We had dinner last night at a new Italian restaurant that recently opened on Upshur Street NW in Petworth. When I say recently, I mean during August, I think, although the restaurant marquis had been up for quite a while.

(A digression: San Matteo. I hadn’t put two and two together until yesterday. San Matteo is Italian for Saint Matthew. Duh. Everyone else must already have known this since they about 13, but sometimes I am slow. Also, there is no town called San Matteo in Italy – so the name doesn’t lead you to any particular form of Italian cuisine. And, the city of San Mateo in California only has one “t” – why would that be? End of digression.)

From the outside, it’s a small restaurant, with three or four sidewalk tables. You walk in and the narrow restaurant as a very modern bar with stools on your right and about four high tables for two on your left; there are two tables between the end of the bar and the front windows. Nicely laid out, very sleek in shades of brown, but – not much room, you say.

THEN, they lead you through that room, past a window to the kitchen, into a back room (a recent addition, to be sure) which is very large and airy, with windows on three sides, which can open. I didn’t count the separate tables, but I would guess there may be twenty, nicely but informally set. Very light. Very welcoming. From the street, you would have no idea.

And, on a Thursday evening at about 7:30, it was all quite crowded. Now, here is the dilemma – they made some serious mistakes, but I would go back again.

The menu is fairly small – maybe 8 pasta dishes and 4 non-pasta entrees, plus a bunch of salads and starters. I ordered a pasta amatriciana. The homemade pasta, bucatini, was perfect. There was a rich tomato sauce. Everything seemed just right. But….there was no spice. And an amatriciana is supposed to have a tang to it. What happened?

I called the waiter and asked if he had any flaked red pepper. He said, “pepper, sure”, and went away, returning with a normal black pepper mill, which he put on the table. I was surprised, but I used a little pepper, just to give it a little spirit, and it worked, but it wasn’t right.

After the meal, and after checking the menu and seeing that one of the ingredients was said to be Calabrian chilis, I asked him about it. His response: “Some of our guests don’t like things spicy, so we can make it both ways. You could have asked for the peppers.” “I did ask and you brought me a black pepper mill”, I responded. “Oh”, he said, “I thought that’s what you wanted. My fault.”

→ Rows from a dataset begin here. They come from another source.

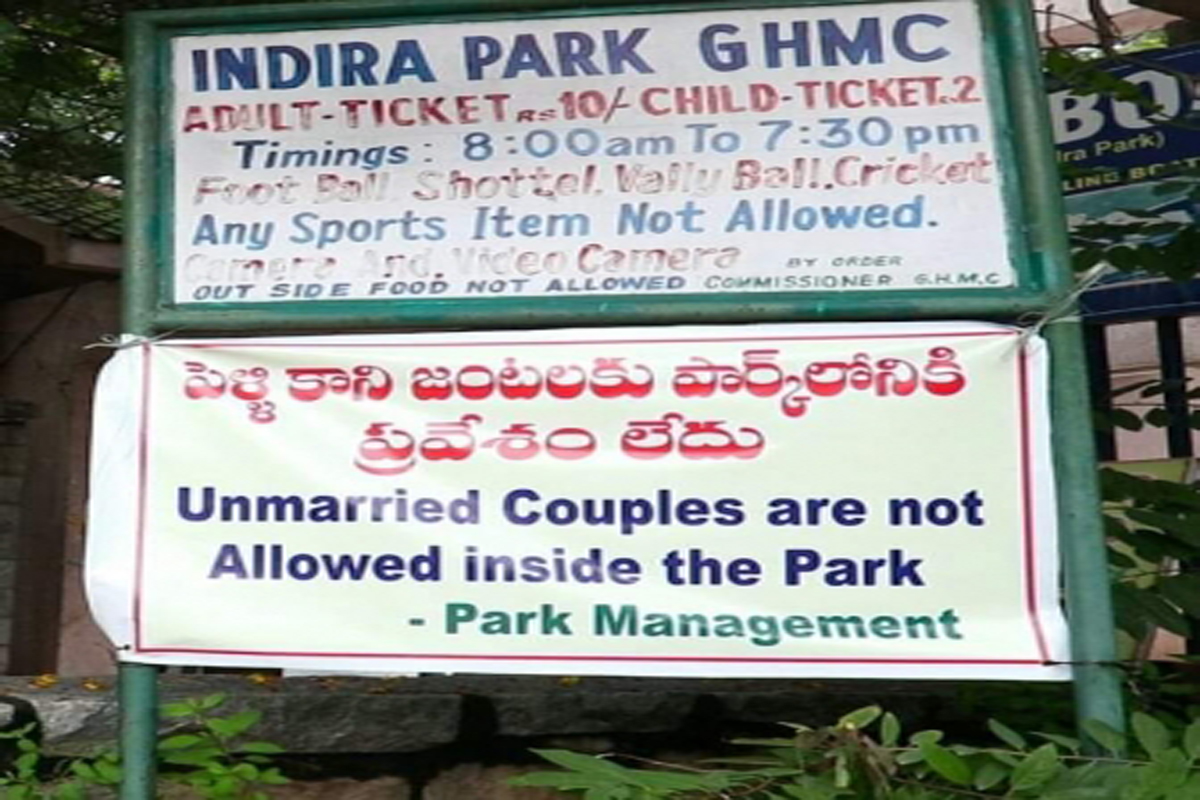 Banner from Hyderabad park removed after outrage over ‘moral policing’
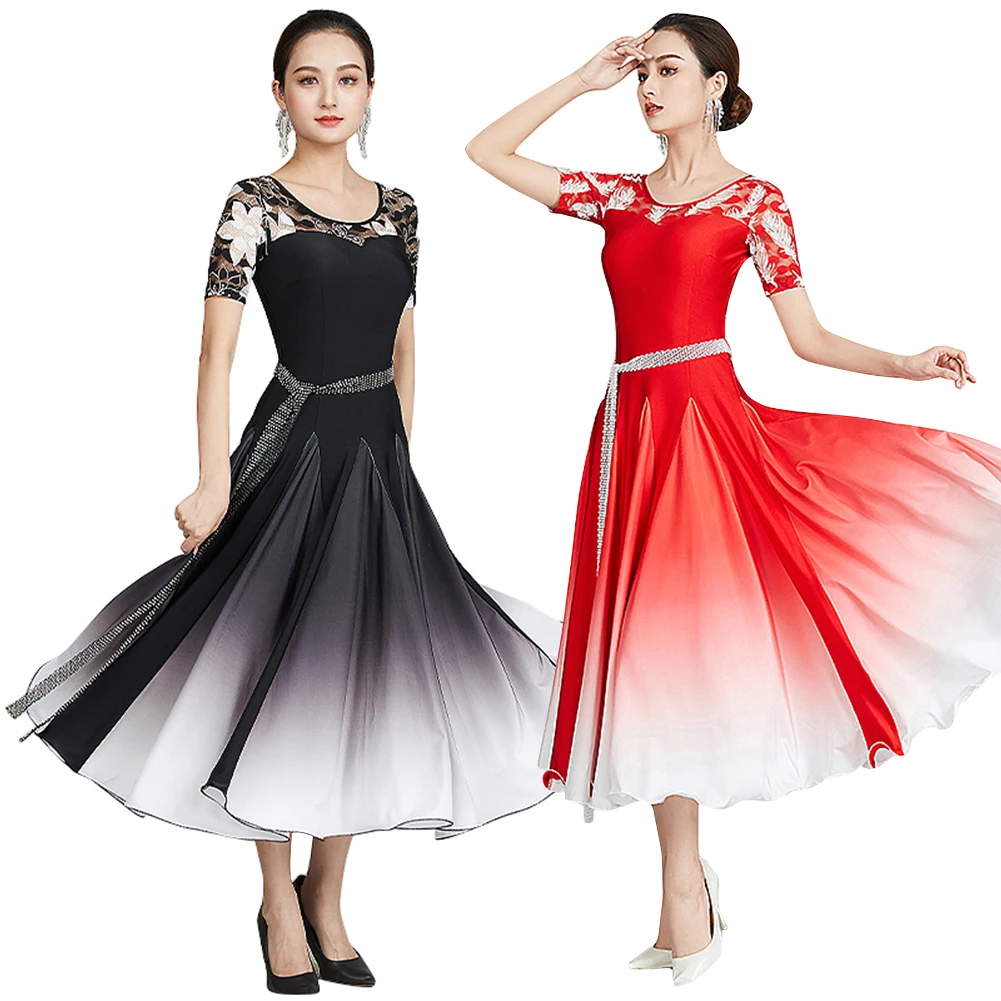 Waltz Ballroom Competition Dress Standard Dance Performance Flamenco Costumes Women Gradient High End Evening Party Gown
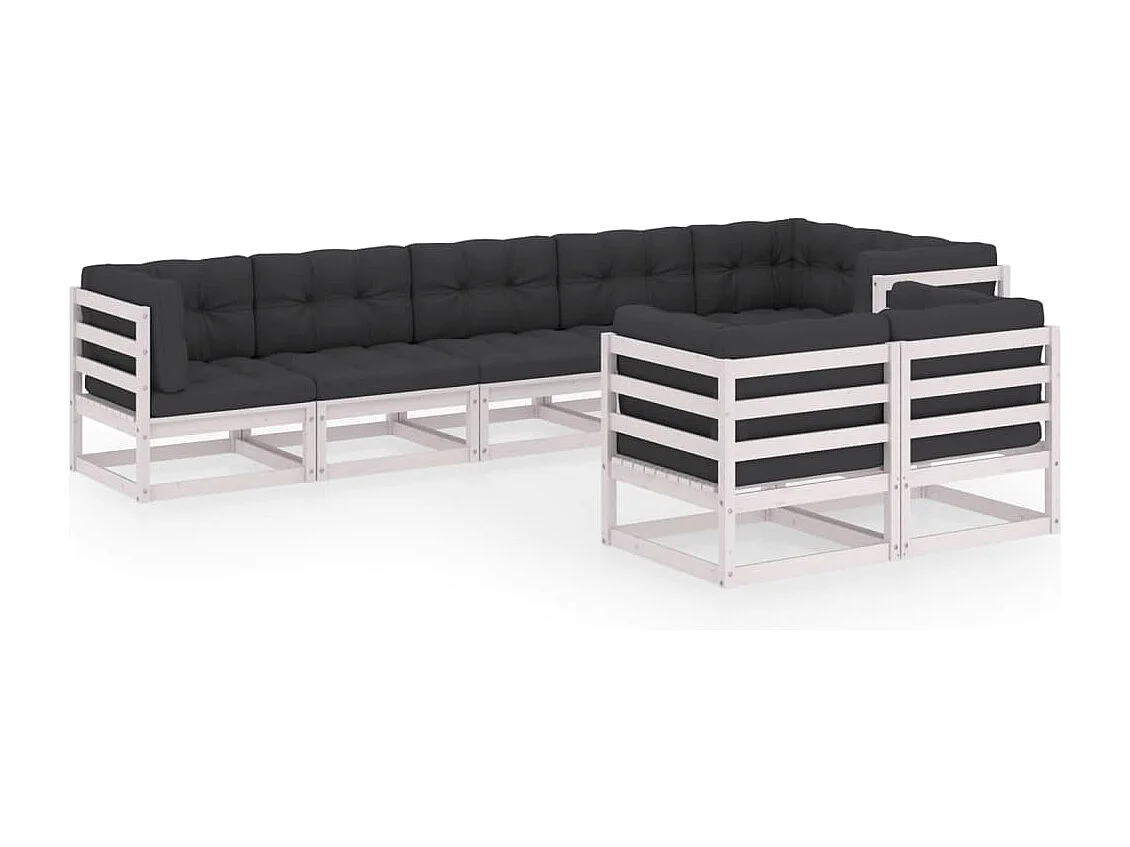 Salon de jardin 8 pcs avec coussins Bois de pin massif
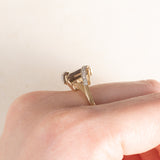 Anello da cocktail vintage in oro giallo 9K con quarzo fumé (2ct ca.) e diamanti (0.05ctw ca.), anni ‘70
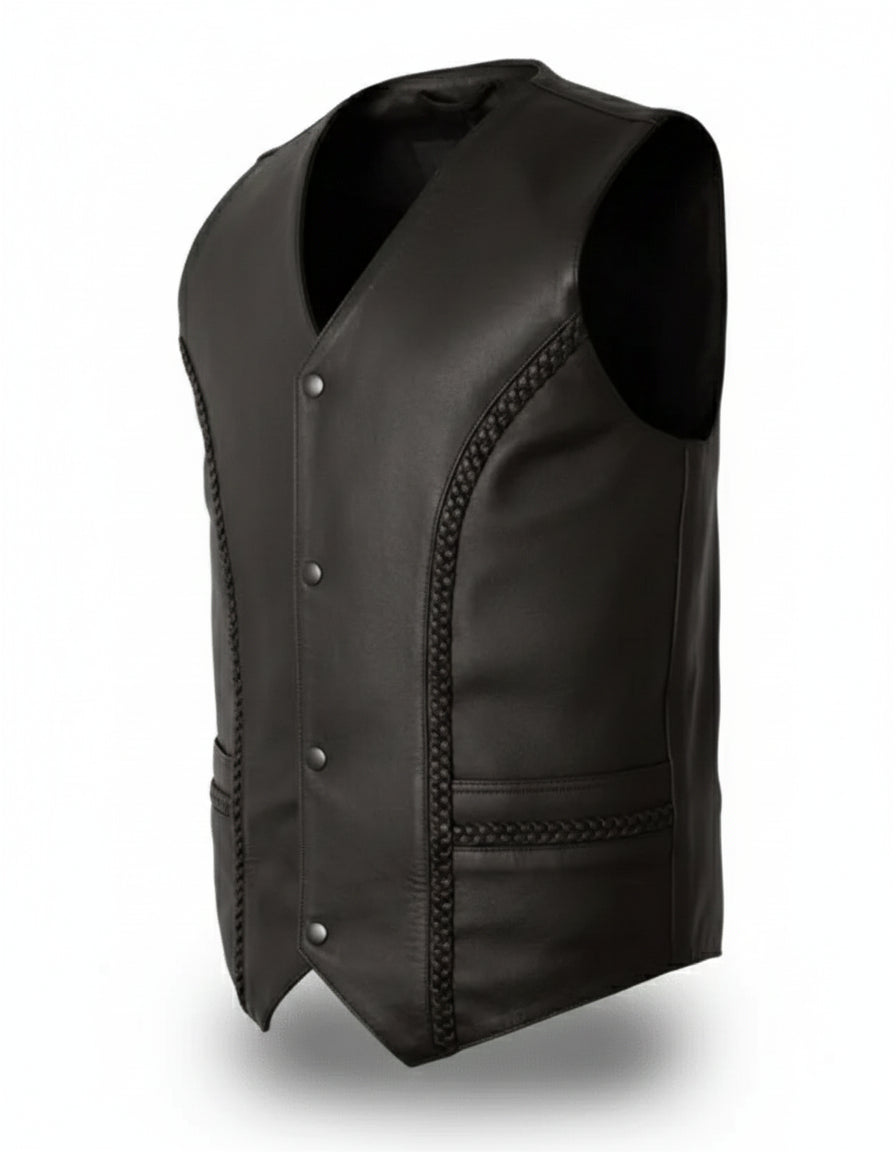 Men Black Leather Vest, Mens Fashion Rock Punk Leather V Neck Vest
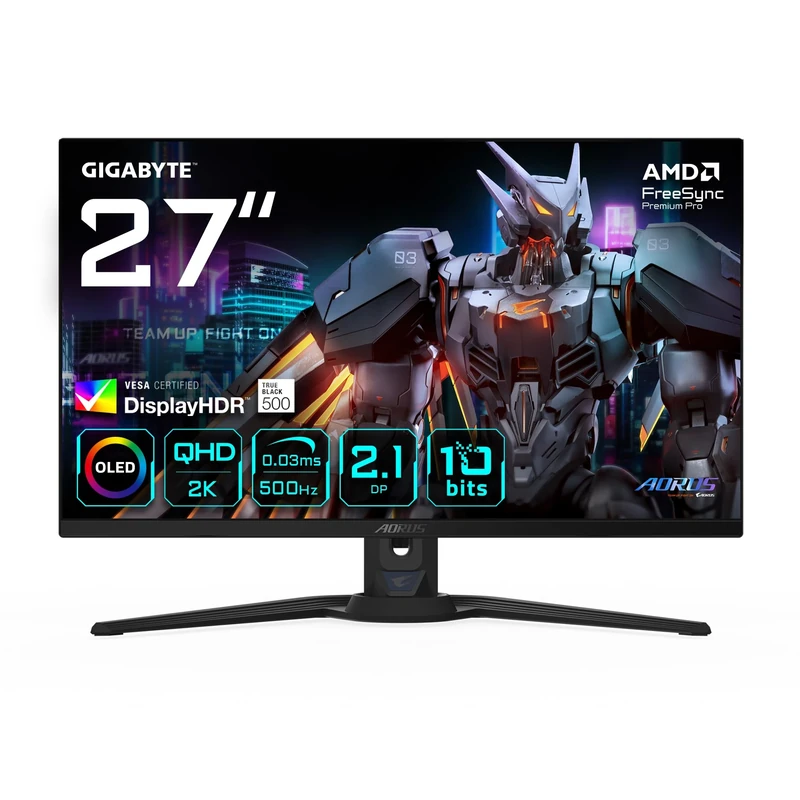 Gigabyte AORUS FO27Q5P 27" OLED QHD Gaming Monitor - 2560 x 1440, 500Hz, 0.03ms, KVM, 300 cd/m², FreeSync Premium Pro, DisplayHDR True Black 500, DisplayPort 2.1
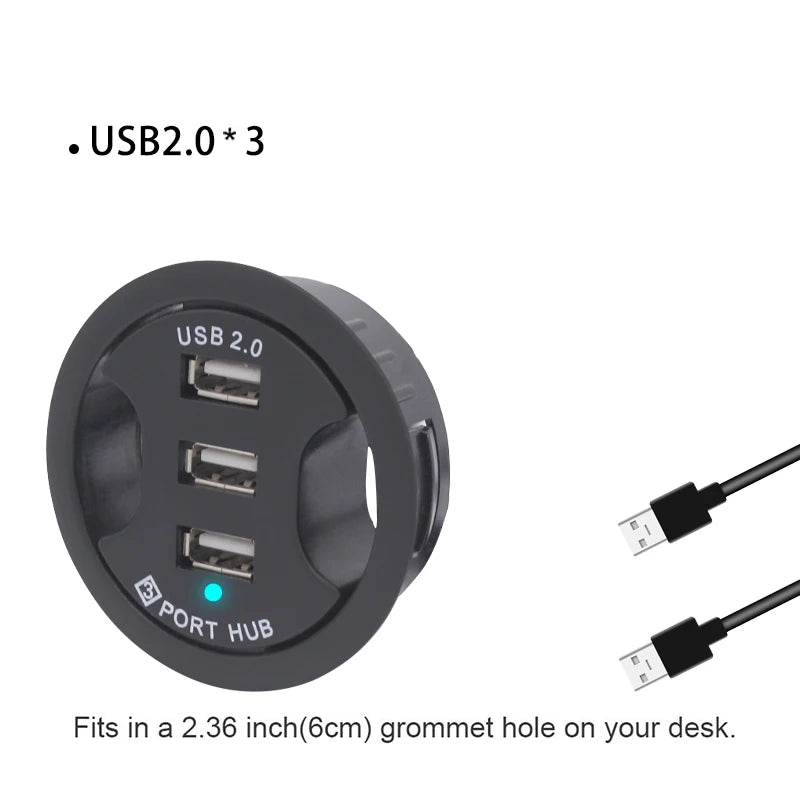 USB Hub USB 3.0 USB 2.0 Hub Desktop Grommet Type C Port Hub Audio Baseus With SD/TF Port Mount In Desk With Power Adapter 5V 2A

I left it at that – but what happened? Had he said to the chef: “the guy that ordered this looks like he must be 80 years old – he probably doesn’t want it spicy.”? Why would they make and serve a spicy dish without spices as their default? How is a customer supposed to know they even have a choice?

I put this to the restaurant being a month or less old. As I said, I think the food (including Edie’s large salad and my non-spicy pasta) was really well put together. It just isn’t what I ordered.

Anyway, we are now on day five this week taking care of our 2 1/2 year old grandson. Will we ever recover?